By late 1975, industrial countries began recovering but not developing ones. The oil shock was crushing and prevented their ability to finance industrial and agricultural growth and the hopes of their people for a better life. Perversely, it was also at a time the worst global drought in decades hit Africa, South America and parts of Asia especially hard. The fourfold increase in oil prices exacerbated conditions and increased developing states' current account deficits sevenfold by 1976. They halted internal development to preserve revenue for debt service and to buy oil. Conditions also let foreign banks and later the IMF provide loans that became an onerous debt bondage cycle.

At the same time in 1974, 70% of surplus OPEC revenues were recycled abroad into equities, bonds, real estate and other investments as part of an exclusive OPEC decision to accept only US dollars for oil. It forced world nations to buy enormous amounts of dollars and do it when the currency was weak. This effectively replaced the gold standard with a "highly unstable (petrodollar) exchange system." Washington and New York banks planned to control it and thus benefit from artificially inflated oil prices.

The scheme transformed the world economy and began an unprecedented transfer of wealth to an elite minority. Engdahl called it "a perverse variation on the old mafia 'protection racket' game." Third World agricultural and industrial development suffered so a select few could prosper. It sent shock waves through the developing world and got a Colombo, Sri Lanka gathering to confront it.

Officials from 85 Non-Aligned Nations met in the Sri Lankan capital in August, 1976 and produced a document unlike any others by developing states post-war. Its theme was "A fair and just economic development, and its contents stated that "economic problems have become the most difficult aspect of international relations (and) developing countries have become the victim(s) of this worldwide crisis." Steps were proposed to address it, and they called for a "fundamental reorganization of the international trade system to improve" its terms.

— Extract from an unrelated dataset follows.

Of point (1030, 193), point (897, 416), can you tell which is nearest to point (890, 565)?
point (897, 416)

They also wanted the international monetary system overhauled and the "explosive issue" of foreign debt raised for the first time.

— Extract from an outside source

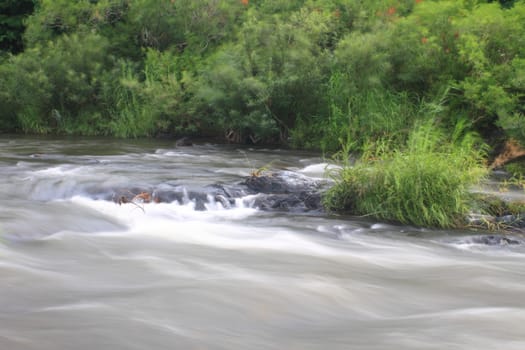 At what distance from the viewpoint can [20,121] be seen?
1678 cm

The proposal was then presented at the annual UN General Assembly meeting in New York. It was a "political bombshell," and financial markets reacted sending bank shares and the dollar lower. The fear was a potential alliance between key oil producing states and continental Europe and Japan. If in place, it could challenge Anglo-American dominance, had to be confronted, and Henry Kissinger got the job with "the full power and force of the US government." He warned EEC foreign ministers and disrupted any efforts they were considering to ally with OPEC and the non-aligned group.

Coordinating with Britain, he also forced key non-aligned nation strategists out of office within months of their declaration
. The threat was thwarted and leading New York and London banks took full advantage. They turned on the spigot and increased lending to developing nations under draconian IMF terms.

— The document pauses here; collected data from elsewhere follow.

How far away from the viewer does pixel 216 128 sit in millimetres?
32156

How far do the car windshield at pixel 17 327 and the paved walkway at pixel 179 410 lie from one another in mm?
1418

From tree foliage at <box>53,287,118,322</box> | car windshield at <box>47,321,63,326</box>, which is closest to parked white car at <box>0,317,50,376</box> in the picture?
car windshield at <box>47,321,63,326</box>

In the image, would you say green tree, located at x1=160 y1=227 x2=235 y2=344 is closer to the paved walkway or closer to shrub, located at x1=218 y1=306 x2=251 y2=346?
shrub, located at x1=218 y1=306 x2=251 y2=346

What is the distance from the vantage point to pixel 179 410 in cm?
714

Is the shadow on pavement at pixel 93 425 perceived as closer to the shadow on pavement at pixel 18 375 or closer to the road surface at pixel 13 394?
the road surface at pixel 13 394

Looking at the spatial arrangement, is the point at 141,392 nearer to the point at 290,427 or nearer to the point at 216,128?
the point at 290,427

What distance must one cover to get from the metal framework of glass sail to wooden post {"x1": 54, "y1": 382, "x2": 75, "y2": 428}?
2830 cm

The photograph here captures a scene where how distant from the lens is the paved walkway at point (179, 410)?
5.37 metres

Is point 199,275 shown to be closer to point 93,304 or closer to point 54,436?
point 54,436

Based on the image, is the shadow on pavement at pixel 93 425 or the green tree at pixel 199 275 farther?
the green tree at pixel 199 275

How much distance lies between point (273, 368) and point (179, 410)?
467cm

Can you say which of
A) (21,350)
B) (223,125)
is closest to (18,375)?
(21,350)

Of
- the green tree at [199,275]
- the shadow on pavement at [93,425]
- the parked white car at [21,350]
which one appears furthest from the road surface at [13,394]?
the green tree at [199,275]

Down but not out, North-South cooperation resurfaced in new ways. In late 1975, Brazil contracted with Germany to build a nuclear power plant complex. A similar deal was made with France for an experimental fast breeder reactor. Mexico as well decided to go nuclear for part of its electricity to conserve oil and so did Pakistan and Iran. The Shah's oil revenues were substantial, and his idea was "to realize an old dream" - to create a modern energy infrastructure, built around nuclear power generation, that would transform the entire Middle East's power needs. In 1978, Iran had the world's fourth largest nuclear program, the largest among developing states, and the plan was for 20 new reactors by 1995.

The idea was simple - to diversify from Iran's dependence on oil and weaken Washington and London's pressure to recycle petrodollars. Also involved was investing in leading European companies to ally with the continent. Washington was alarmed and tried to block the plan but failed. Nonetheless, the Carter administration continued Kissinger's strategy behind a phony "human rights" mask. In reality, the game was unchanged - limit Third World growth and maintain dollar hegemony. It failed miserably but threats to dollar dominance were stalled for a time.

They resurfaced in June, 1978 on the initiative of France and Germany. Responding to policy disagreements and a fluctuating dollar, they took steps to create a European currency zone and proposed Phase I of the European Monetary System (EMS) under which central banks of EEC countries agreed to stabilize their currencies relative to each other. EMS became operational in 1979 with notable positive results. This worried Washington and London as a threat to petrodollar supremacy, Britain refused to be an EMS partner, and Carter was unable to dissuade Germany from pursuing a nuclear option. The situation required drastic action.

It began in November 1978 with a White House Iran task force that recommended Washington end support for the Shah and replace him with Ayatollah Khomeini, then living in France. It would be by the same type coup that overthrew the Iranian government in 1953 along with broader aims that again are in play in the region.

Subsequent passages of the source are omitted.